STERN, DAVID (1942– ), U.S. basketball executive, fourth commissioner of the nba. Born and raised in the Chelsea section of Manhattan, Stern worked his way through school at his father's deli, near Madison Square Garden, which was open six days a week and closed only on the Jewish High Holidays. Stern was a passionate sports fan and developed his love for basketball and the skills and ease of dealing with the public while serving the diverse deli customers. After studying at Rutgers University and Columbia Law School, Stern noted: "Others talk about working as clerks for Supreme Court justices or federal judges, but I enjoy saying that my first clerk-ship was at Stern's Delicatessen." From the time he joined the legal firm of Proskauer and Associates in 1966 to his appointment as nba legal counsel in 1978, Stern dedicated almost all his professional activities to nba work. As an nba executive, Stern was determined to radically renovate the league's image tainted by public perceptions of drug abuse, lazy work ethics, and astronomic salaries. Stern played a major role in changing popular perceptions in the early 1980s via two milestone agreements with the nba Player's Association: drug testing, and instituting team salary caps. His tenure as commissioner, starting in 1984, reflects the unprecedented success of the nba. In particular, the league's appeal to a young audience increased not only in the U.S. but also worldwide. The pinnacle achievement of this international enthusiasm was the unprecedented decision to include nba players on the U.S. basketball "Dream Team" at the Barcelona Olympics in 1992. Highlighting the skills of stars such as Larry Bird, Magic Johnson, and Michael Jordan helped the nba achieve not only equality with other American professional sports, but even seemingly to surpass them. nba players were now the most famous athletes in the world, appealing to an international audience and starring in commercials all over the globe.
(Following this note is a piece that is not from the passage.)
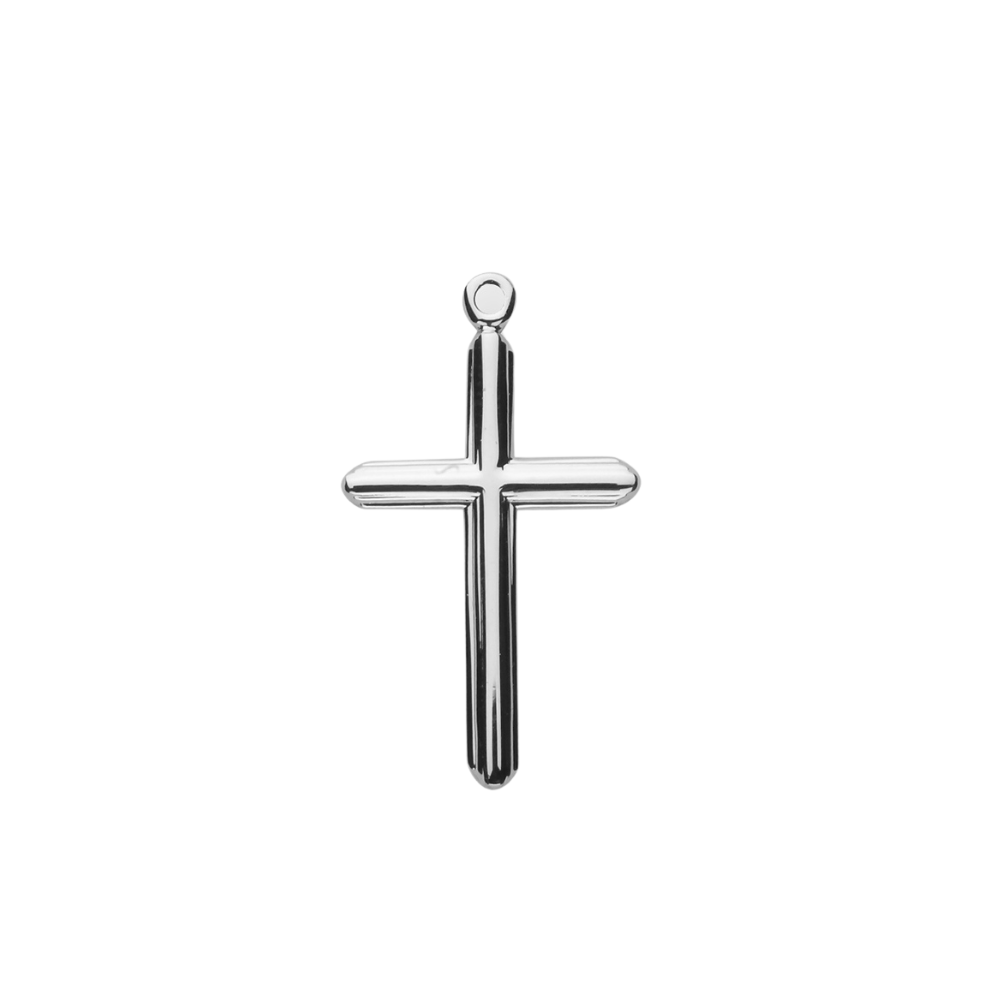 Cross Sterling Silver Pendant — 18" Rhodium Chain, Made in USA, Gift Box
Additional achievements by Stern include the expansion of the nba to 30 teams (2005); the opening of international offices; the creation of the Women's National Basketball Association in 1997; and the 1999 launch of tv, a 24-hour digital network. Stern also serves on the boards of numerous public institutions including Columbia University, Beth Israel Medical Center, and the naacp, and is a contributor to various charities, including the United Jewish Appeal.


D. Halberstam, Playing For Keeps; Michael Jordan and the World He Made (1999).